Collected data entries:
......
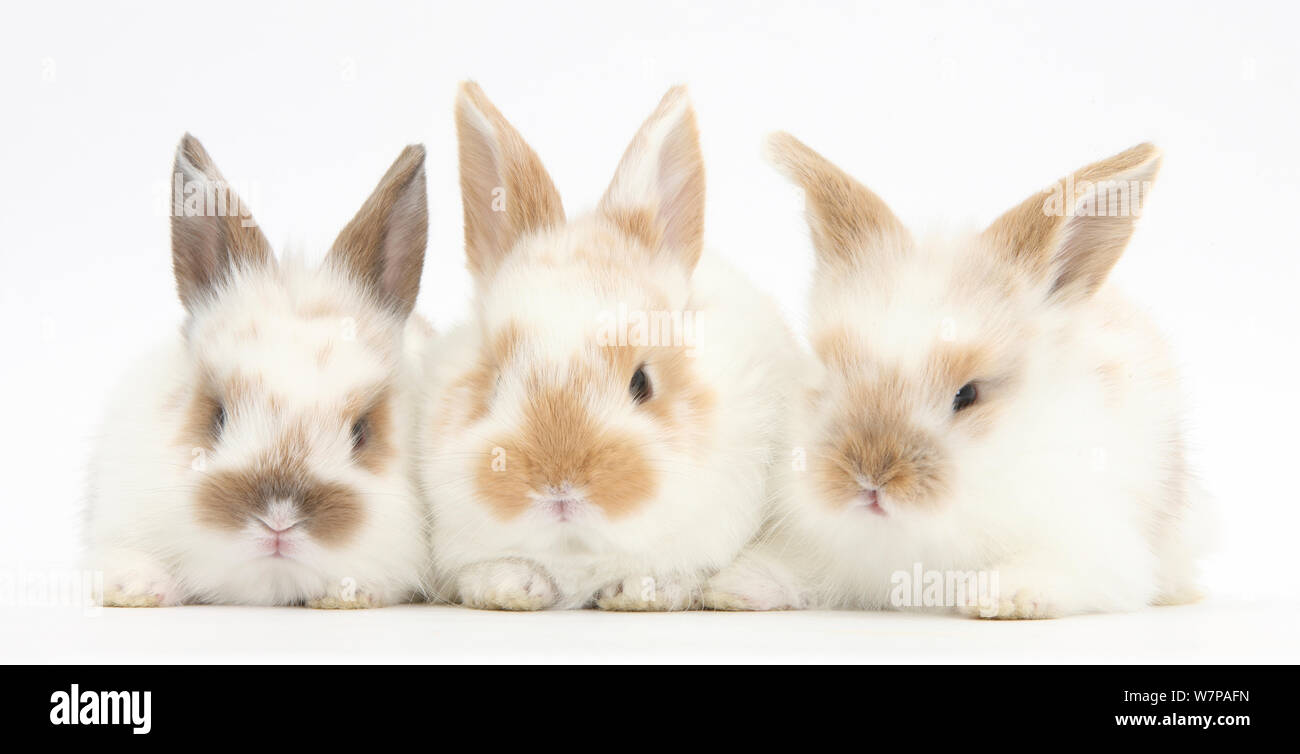 Mignon bébé trois lapins dans une rangée Banque D'Images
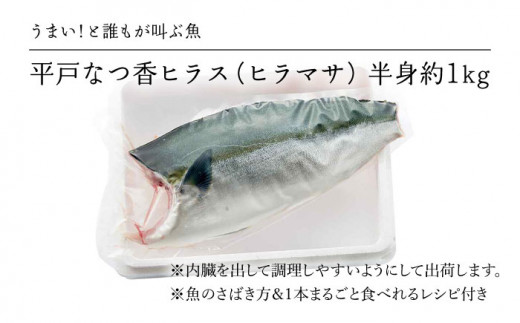 着日指定 可能 平戸生まれのブランド魚 平戸なつ香 ヒラス 半身 約1kg 平戸市 坂野水産 Kaa7 長崎県平戸市 ふるさとチョイス ふるさと納税サイト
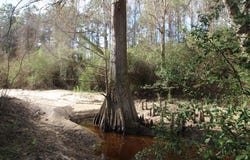 8284 Hwy 28, MIZE, MS 39111
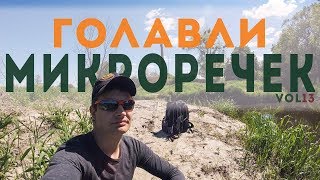 Голавли микроречек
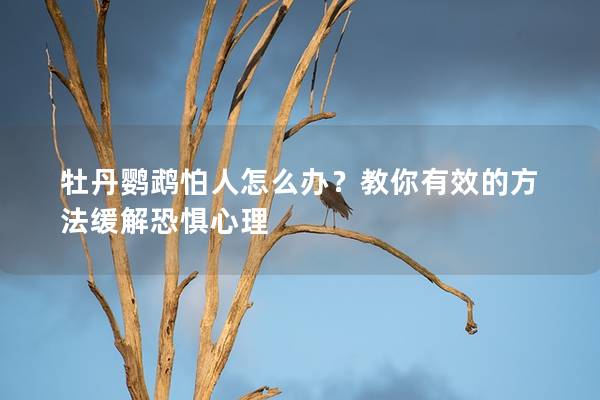 牡丹鹦鹉怕人怎么办？教你有效的方法缓解恐惧心理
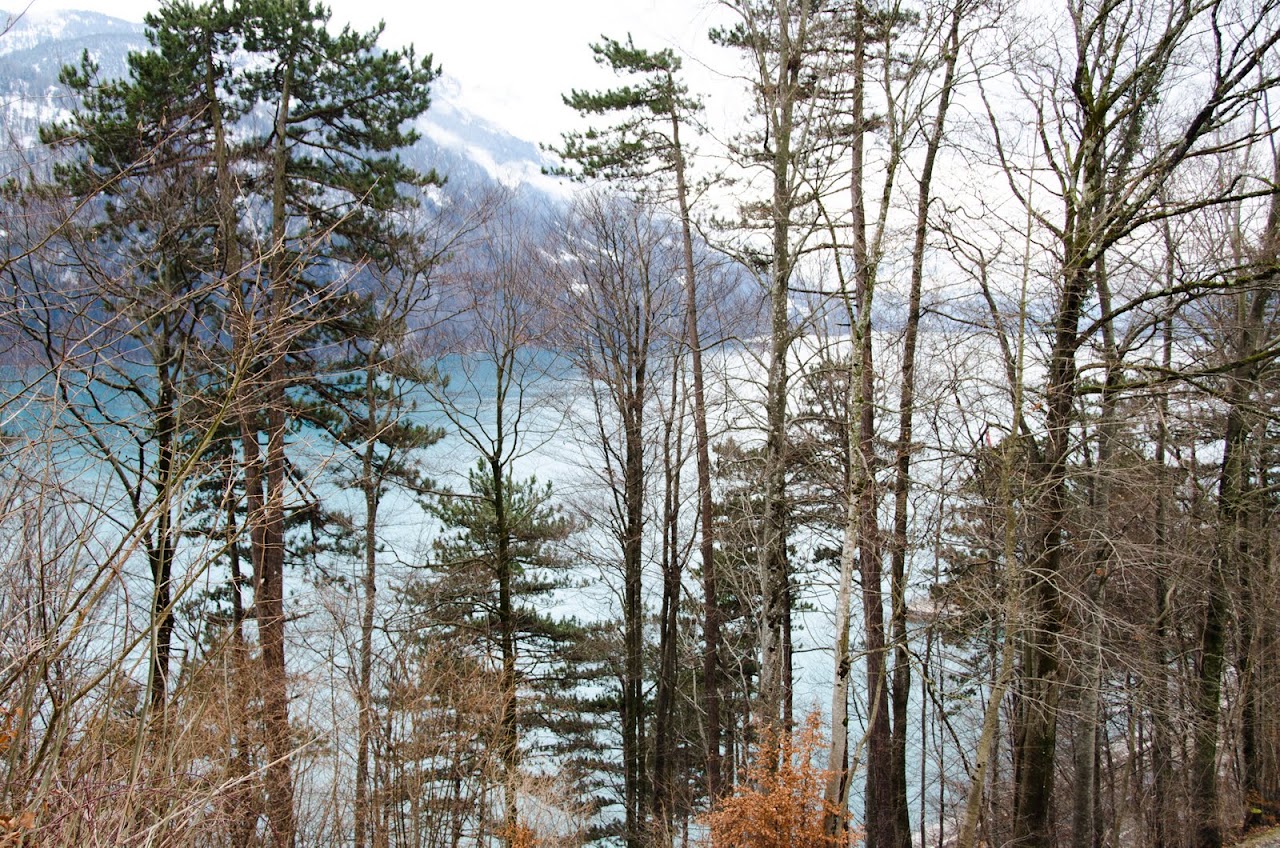 Lake at Brienzwiler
......
*What you are asked to do*. Leaving out the pictures, repeat all of the entries exactly.

*Response to this task*.
 Mignon bébé trois lapins dans une rangée Banque D'Images
 着日指定 可能 平戸生まれのブランド魚 平戸なつ香 ヒラス 半身 約1kg 平戸市 坂野水産 Kaa7 長崎県平戸市 ふるさとチョイス ふるさと納税サイト
 8284 Hwy 28, MIZE, MS 39111
 Голавли микроречек
 牡丹鹦鹉怕人怎么办？教你有效的方法缓解恐惧心理
 Lake at Brienzwiler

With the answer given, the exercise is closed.